The belief that concurrent CAD worsens outcomes of patients with severe AS undergoing TAVI has been longstanding [2, 3, 25]. Recent findings, however, challenge this assumption, suggesting that revascularization with PCI before TAVI may not improve, or might even impair, outcomes compared to PCI performed after TAVI [2529]. Nevertheless, the non-randomized nature of these studies leaves room for potential selection bias [25]. Moreover, the accuracy of invasive assessments for borderline coronary lesions in severe AS patients has been debated, highlighting the potential benefits of reassessing lesions after TAVI [5, 30]. In this context, QFR emerges as a particularly valuable tool, enabling lesion evaluation using routine coronary angiograms, thereby reducing the need for additional invasive procedures [13, 15]. This wire-free method may lessen the risk of complications and reduce contrast load, benefits that are especially significant in elderly and often frail patients. Moreover, QFR could assist Heart Teams in identifying patients at high risk for cardiovascular mortality and major adverse cardiovascular events following TAVI [10, 14]. Crucially, studies have demonstrated a strong correlation between pre-TAVI QFR measurements and post-TAVI FFR and iFR values [14].

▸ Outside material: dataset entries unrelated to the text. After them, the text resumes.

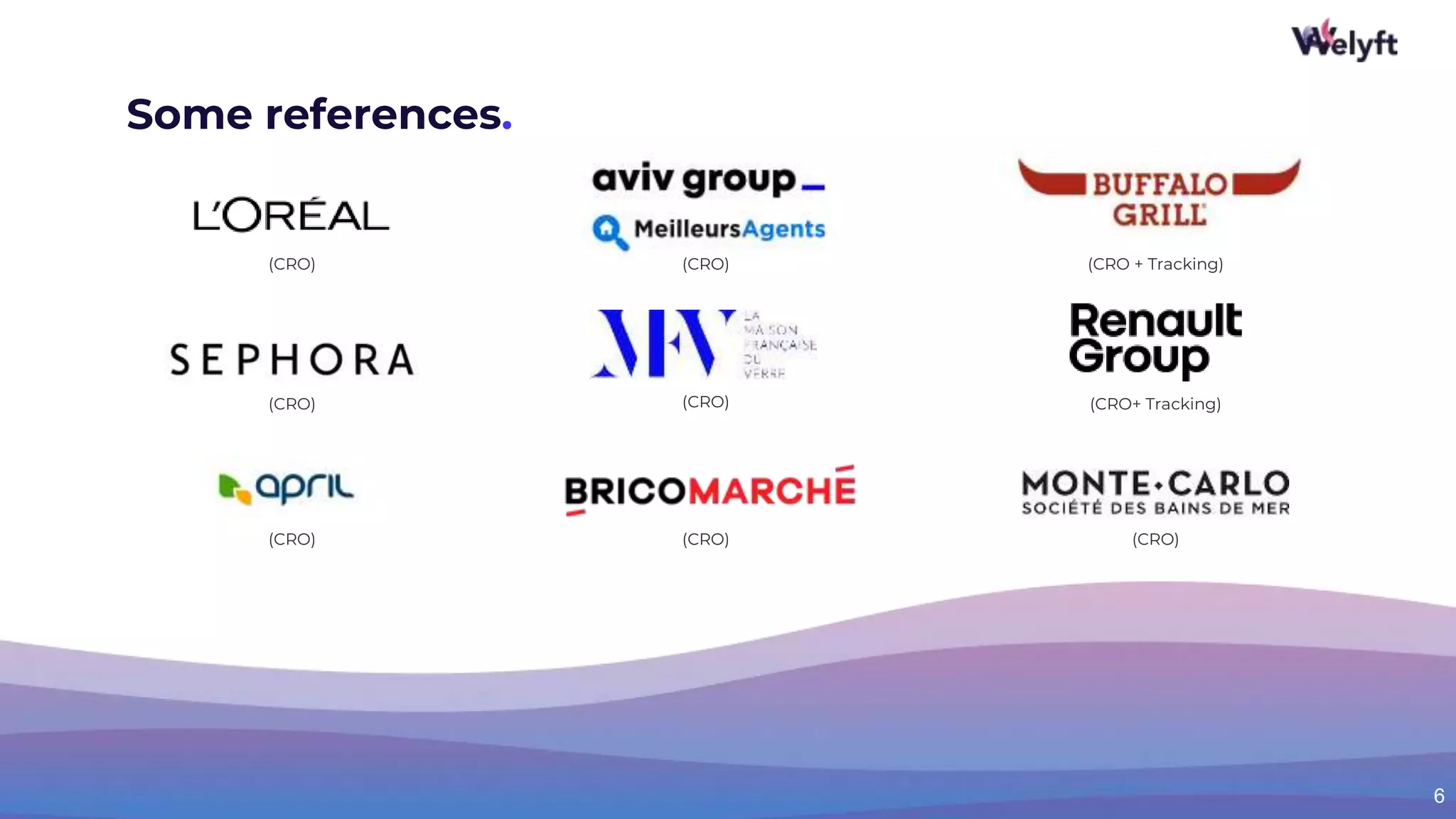 6
(CRO)
(CRO)
(CRO) (CRO + Tracking)
(CRO+ Tracking)
(CRO)
Some references.
(CRO) (CRO)
(CRO)
 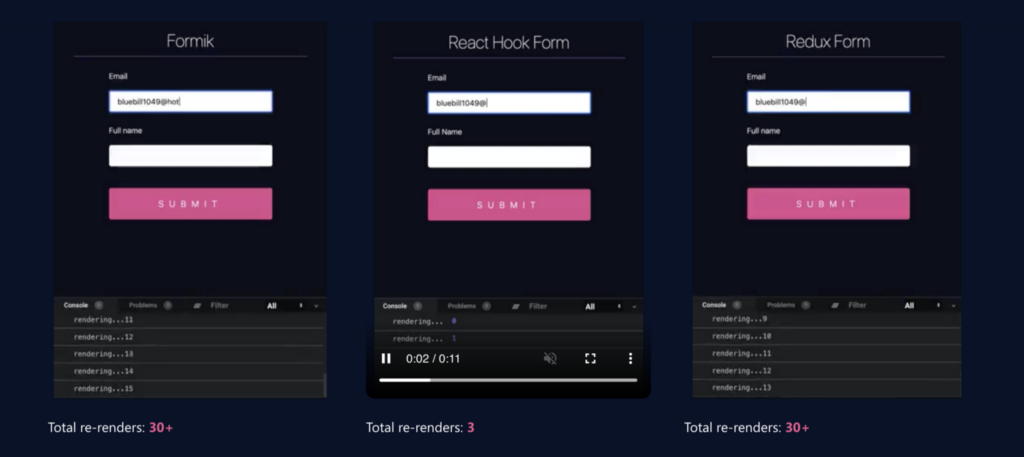 React Hook Form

Current research primarily concentrates on the potential application of FFR obtained from computed tomography angiography (CT-FFR). CT scans, routinely utilized for periprocedural planning, may extend their utility to non-invasive hemodynamic and anatomical evaluation of coronary lesions [3133]. This approach could identify patients who may not require invasive assessment before TAVI. In contrast to coronary angiograms, CT scans offer the capability to examine plaque morphology and peri-coronary adipose tissue [3133]. However, the added predictive value of these parameters for risk assessment in patients with severe AS remains to be determined [32, 34].

Our study is subject to several limitations. The relatively small sample size might compromise the robustness and generalizability of the results. Noninvasive evaluations of myocardial ischemia were not performed, which limits the availability of comparative reference methods. Additionally, there was no follow-up assessment of coronary physiology after the treatment for severe AS. The applicability of the study findings may be limited to measurements obtained using the Medis Suite software, as alternative methods, such as FFRangio (Cathworks Ltd., Kfar Saba, Israel), were not evaluated [35]. Data regarding CMD, coronary flow reserve, and central venous pressure were not collected. Lastly, coronary pressure pullbacks, necessary for calculating pressure gradients to identify diffuse coronary disease, were not performed.

Conclusions

In severe AS, QFR closely correlates with FFR. However, patients with AVA < 0.5 cm2 might exhibit a higher incidence of false-positive ischemia detections by QFR.

Ethical approval

No. 1072.6120.1.2019, issued on 31st January 2018 from the Jagiellonian University.

Conflict of interest

The authors declare no conflict of interest.